Questo successo, se tutto andrà come previsto, è merito dei divieti nati nei primi anni duemila nei confronti di tutte quelle sostanza indicate come dannose per il particolare strato dell’atmosfera terrestre. Passo necessario dopo la scoperta del buco verso la fine degli anni ’70 e l’inizio degli anni ’80. Gli effetti sull’ambiente erano troppo importanti per essere un argomento da ignorare e lasciare ai posteri.
In passato gli studi hanno più volte rivelato come la colpa sia da attribuire a sostanze quali clorofluorocarburi e idroclorofluorocarburi. La loro presenza si concentrava nelle bombolette spray, nei frigoriferi e nei condizionatori e il loro effetto sull’ozono era quello di rompere le molecole dello strato di ozono. Tale disgregazione dello dell’atmosfera permette un passaggio più forte della luce ultravioletta senza però farla uscire.
Di solito si indica come buco dell’ozono quello presente nell’Antartico, ma in realtà c’e ne sono altri minori che dovrebbero guarire molto prima, circa tra il 2030 e il 2050. Fondamentale è continuare a mantenere questa direzione ed evitare una aumento dell’uso delle sostanze proibite.

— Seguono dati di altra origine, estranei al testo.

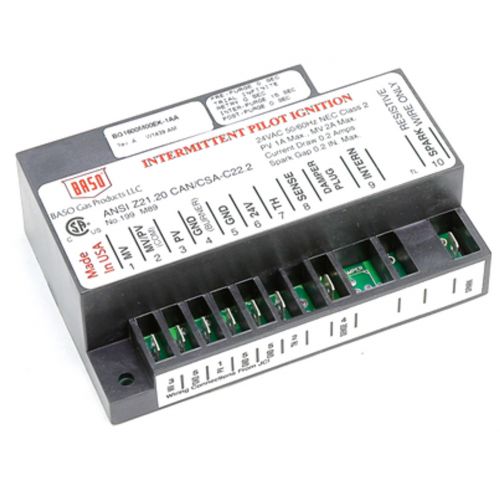 Ignitor Control For Lochinvar & A.O. Smith Part# 100109872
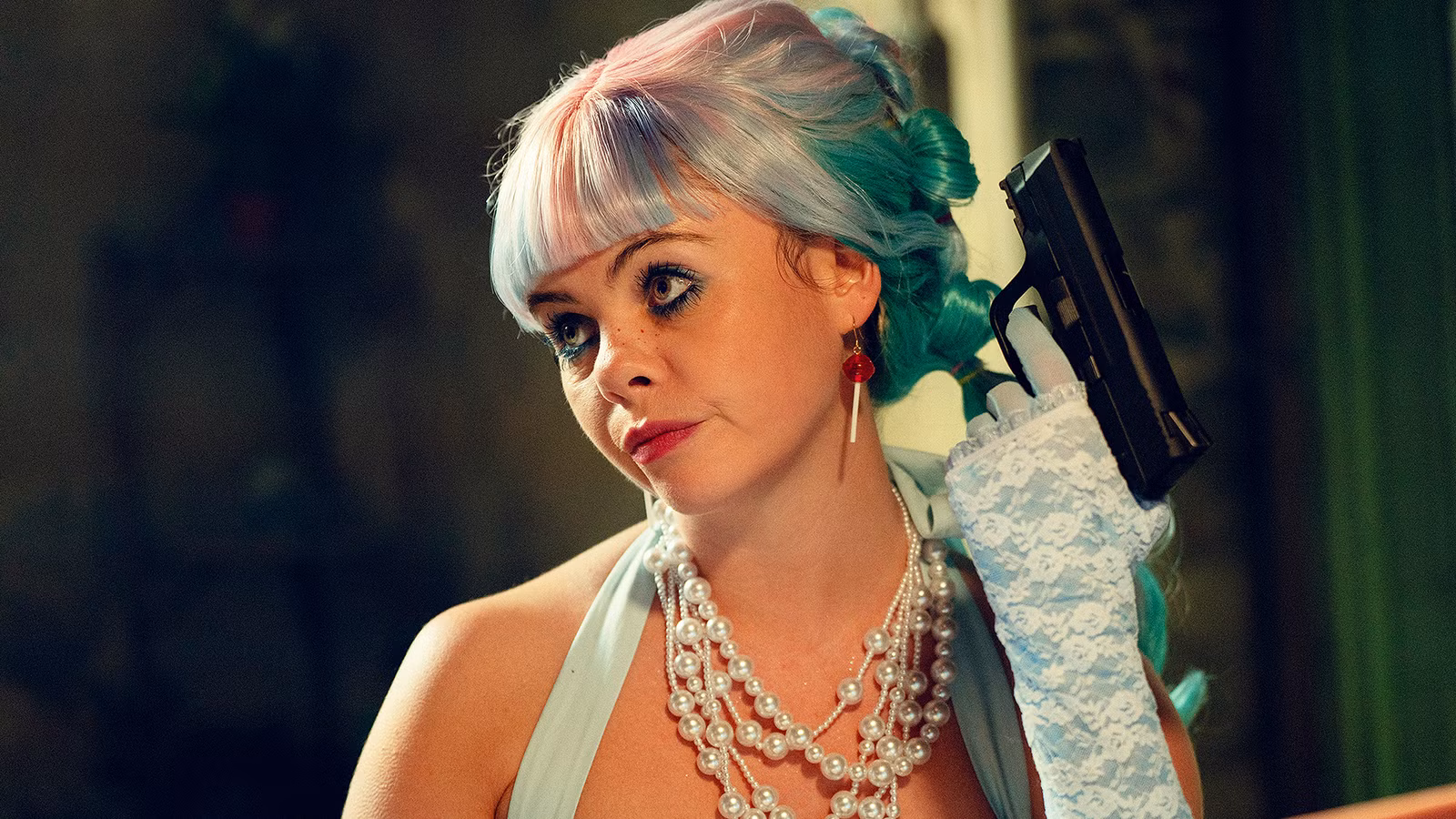 Die neue 8-teilige Thrillerserie von Netflix ist der perfekte zweitägige Wochenend-Binge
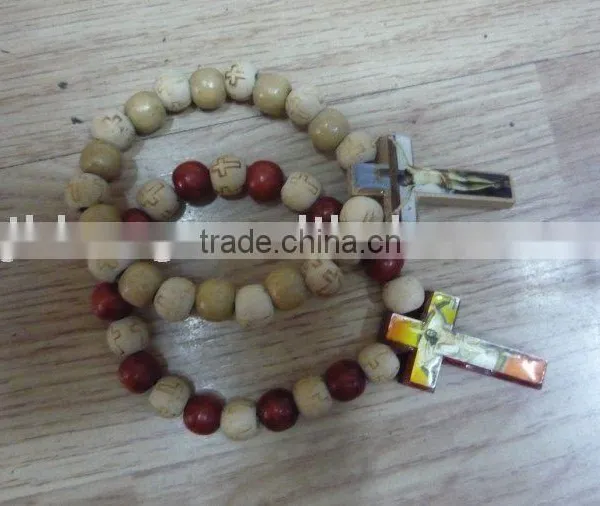 Fashion Wood Beads Bracelet/accessory
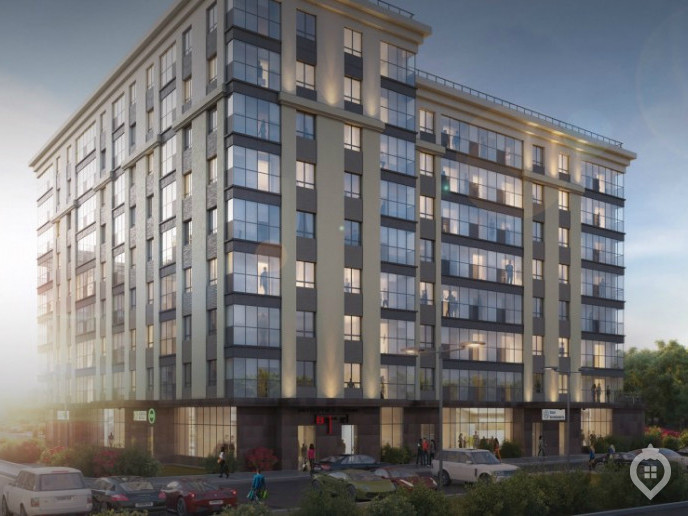 ЖК “Олимп”: жить у теннисного корта в часе езды от Москвы - Фото 28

L’ultimo rapporto pubblicato mettere in guardia da una possibile pratica nota come geoingegneria: “Il problema con questo è il nostro livello di conoscenza dei livelli naturali di particelle nella stratosfera non è così alto. La geoingegneria presenta piuttosto la sfida di perturbare i livelli naturali di particelle nella stratosfera oltre all’impatto sull’ozono”. Tale pratica consiste nell’inviare nella stratosfera particelle in grado di raffreddare il pianeta.